Okay, so now we’ve converted each human-readable token to ids! Notice step is 1147, occurring both at the 1st and 3rd index.

Once again it looks like we’re hitting the compiled layer (the source of sp_model.piece_to_id is wrong, IPython is getting confused), but it’s interesting how many Python layers you have to push through to get there.

Let’s move on to the third and final call:

prepare_for_model

tokenizer.prepare_for_model(
    ids=tokenizer.convert_tokens_to_ids(tokenizer.tokenize(prompt)),
)

{'input_ids': [71, 1147, 57, 1147, 2696, 12, 143, 3, 115, 23443, 7, 15, 13732, 10, 1], 'attention_mask': [1, 1, 1, 1, 1, 1, 1, 1, 1, 1, 1, 1, 1, 1, 1]}

This returns a dictionary with an attention mask, which isn’t that interesting in this specific example, and the input_ids, which is almost the same as the previous output of convert_tokens_to_ids.
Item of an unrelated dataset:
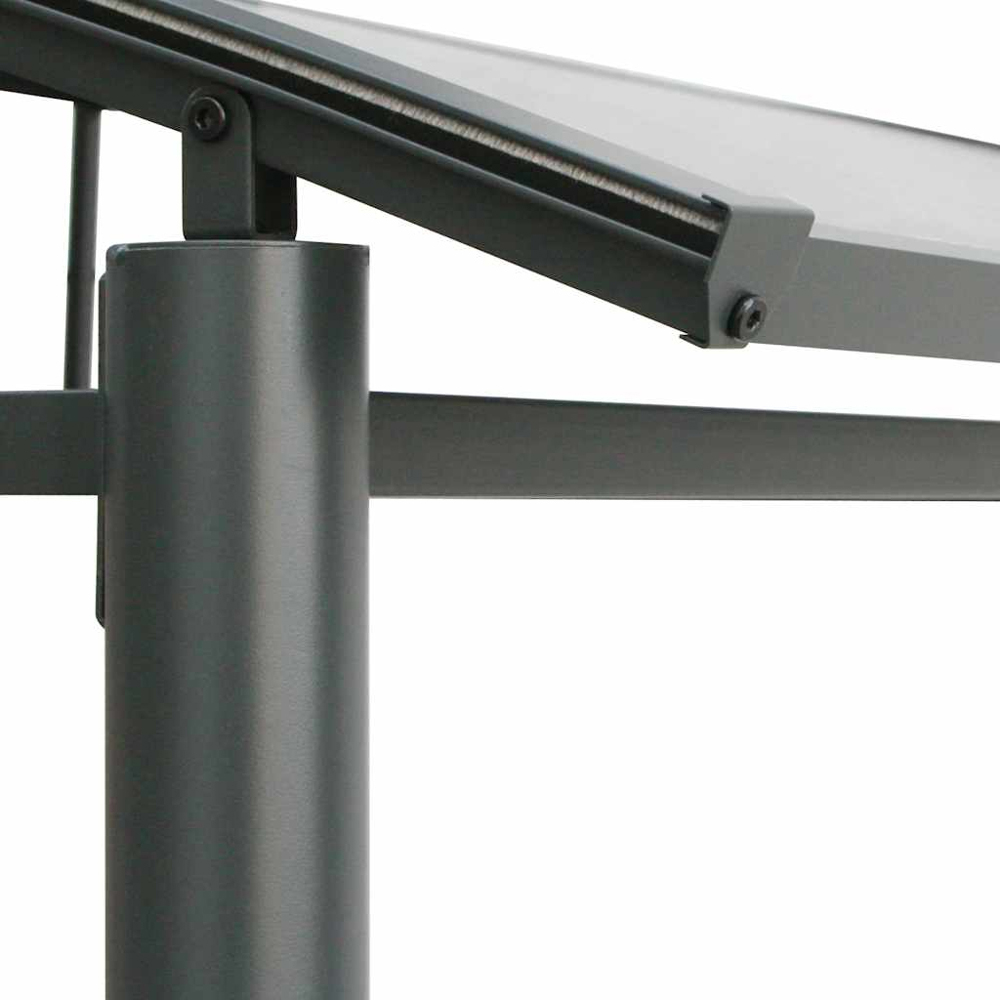 vidaXL 2.1 x 1.1m Anthracite BBQ Gazebo with Side Shelves Image 6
The only difference is a trailing 1, which is the eos_token, aka end-of-sequence token:

tokenizer.convert_tokens_to_ids(tokenizer.eos_token)

Sure enough, when I looked at the source for prepare_for_model, it does a bunch of different things (padding, truncation, backwards compatibility, etc) – but most importantly here, adds a EOS token.

The specific function that does it is build_inputs_with_special_tokens:

tokenizer.build_inputs_with_special_tokens(tokenizer.convert_tokens_to_ids(tokenizer.tokenize(prompt)))

[71, 1147, 57, 1147, 2696, 12, 143, 3, 115, 23443, 7, 15, 13732, 10, 1]

tokenizer.special_tokens_map['eos_token']

'</s>'

Summary

So – to wrap it all up – for this simple example copied from the HuggingFace website, you can get the same functionality from the tokenizer by breaking down to these smaller helper methods vs the higher level __call__

tokenizer.prepare_for_model(
    ids=tokenizer.convert_tokens_to_ids(tokenizer.tokenize(prompt)),
)

{'input_ids': [71, 1147, 57, 1147, 2696, 12, 143, 3, 115, 23443, 7, 15, 13732, 10, 1], 'attention_mask': [1, 1, 1, 1, 1, 1, 1, 1, 1, 1, 1, 1, 1, 1, 1]}

tokenizer(prompt)

{'input_ids': [71, 1147, 57, 1147, 2696, 12, 143, 3, 115, 23443, 7, 15, 13732, 10, 1], 'attention_mask': [1, 1, 1, 1, 1, 1, 1, 1, 1, 1, 1, 1, 1, 1, 1]}

This was mostly an educational exercise to see what’s going on under the hood of the HuggingFace – I definitely wouldn’t recommend doing this sort of thing in production – but is a great way to get a bit deeper understanding of the library!